→ **What the exercise asks**
Where the line with "Regal - A light" appears below, start writing out lines exactly, and finish with the line with "Dehesa Grande participa", which is included; write out nothing else.

*** Provided records ***

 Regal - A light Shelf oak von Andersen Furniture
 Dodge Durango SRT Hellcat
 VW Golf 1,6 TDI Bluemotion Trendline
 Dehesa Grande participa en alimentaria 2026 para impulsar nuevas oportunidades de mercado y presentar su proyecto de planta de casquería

***
*** Provided records ***

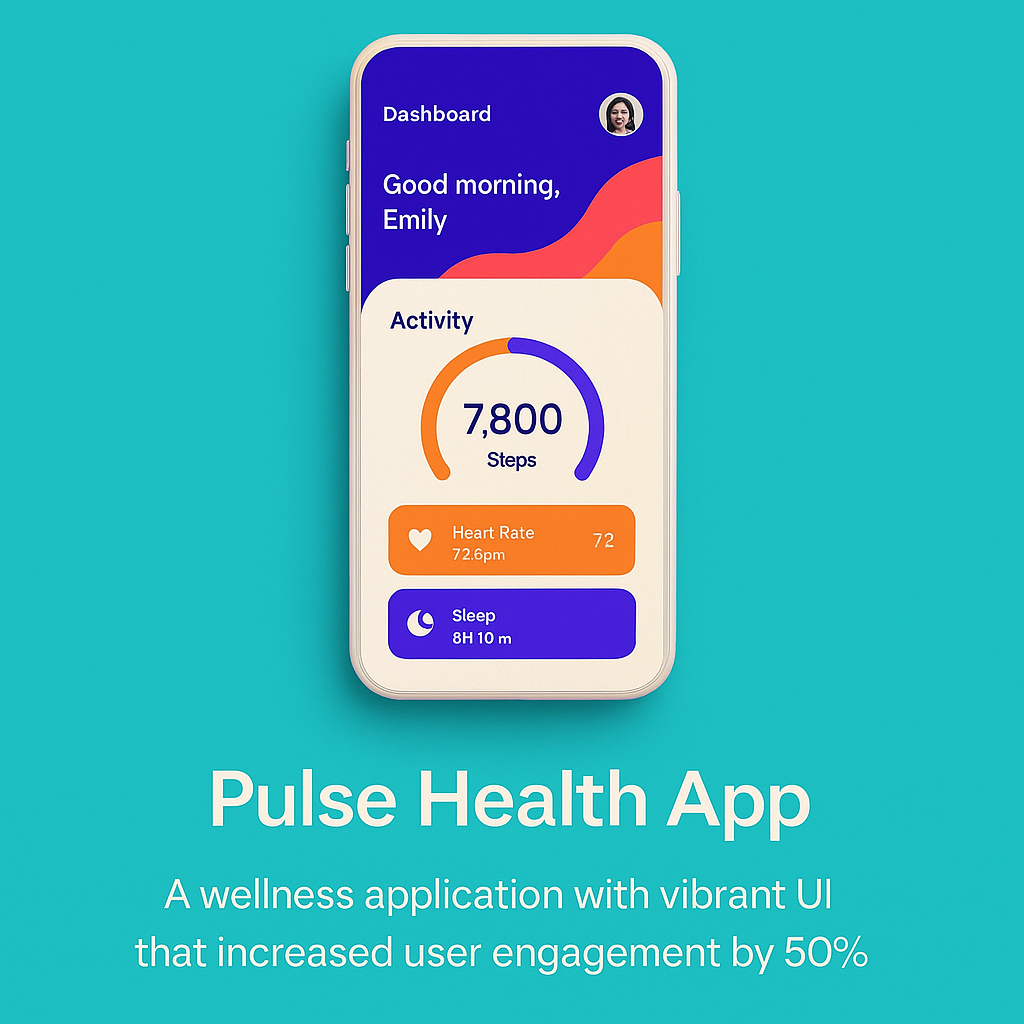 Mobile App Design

***
*** Provided records ***

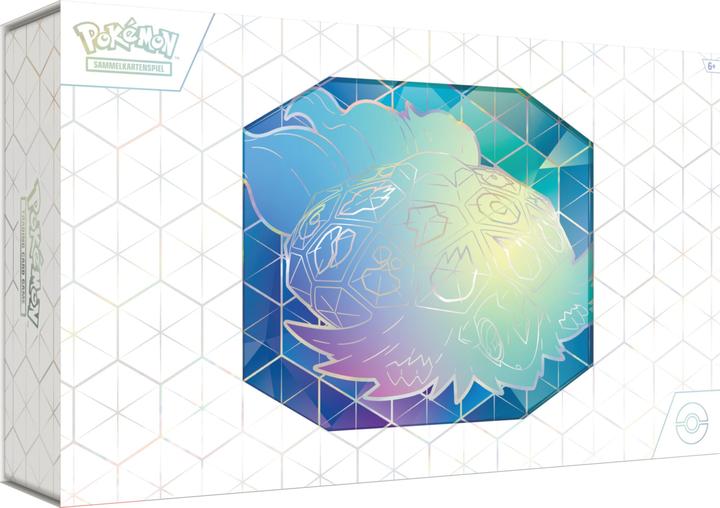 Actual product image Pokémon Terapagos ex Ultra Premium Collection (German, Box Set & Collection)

***

→ **Response to the exercise**
 Regal - A light Shelf oak von Andersen Furniture
 Dodge Durango SRT Hellcat
 VW Golf 1,6 TDI Bluemotion Trendline
 Dehesa Grande participa en alimentaria 2026 para impulsar nuevas oportunidades de mercado y presentar su proyecto de planta de casquería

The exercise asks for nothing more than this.